Upon further inspection, this probably is in the wrong section after all.  Oops.


----------



## Attaman (Oct 9, 2011)

"Pink-skinned Slavers"

As a note, if the story is supposed to be "Humans bad, enslave Anthropomorphs", you're writing a dime a dozen story there. Noble "savage" Anthropomorphs being enslaved by evil humans is a dime a dozen, especially if one of them - at a later date - falls in love with a female human who rebels against their enslavement.


----------



## TreacleFox (Oct 10, 2011)

It could be a good novel, has potential. ^^
What else have you writen?


----------



## Attaman (Oct 10, 2011)

Again, it (so far) has a dime-a-dozen plot. "Human slavers, Noble-Savage Furries, Fight for Freedom" is a very cliche plot in the fandom.
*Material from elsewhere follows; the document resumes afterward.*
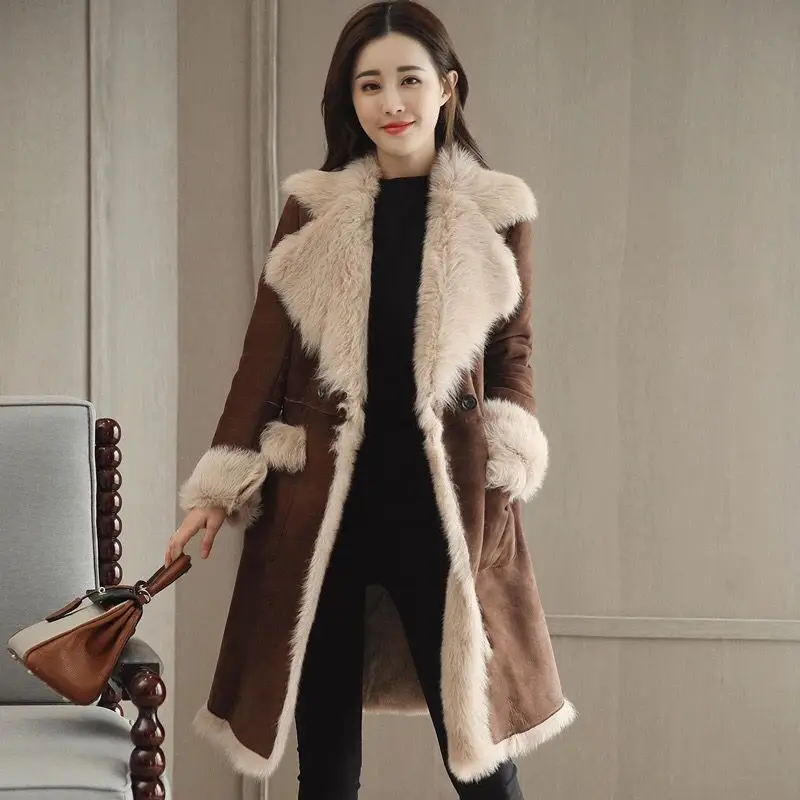 Женское шерстяное пальто зимнее из овечьей шерсти длинное Стильное женское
OP could change the setting from fantasy to modern or futuristic with the same premise, and the same holds true. This especially holds true since OP's working a Furry story wherein, despite being enslaved, the "submissive" race is notably more powerful than the enslavers. Don't get me wrong, this _will_ sell within the fandom, you can probably get a few dozen or even hundred fandom members to get a copy if you advertise it right. It's a story so common in the fandom because its members eat it up (typically because it self-vindicates their mix of "Humans are monsters", "Furries are mistreated", and "Furries are awesome" ideas all in one). 

But for a professional, printed novel? You might not want to set your expectations too high for final sales.


----------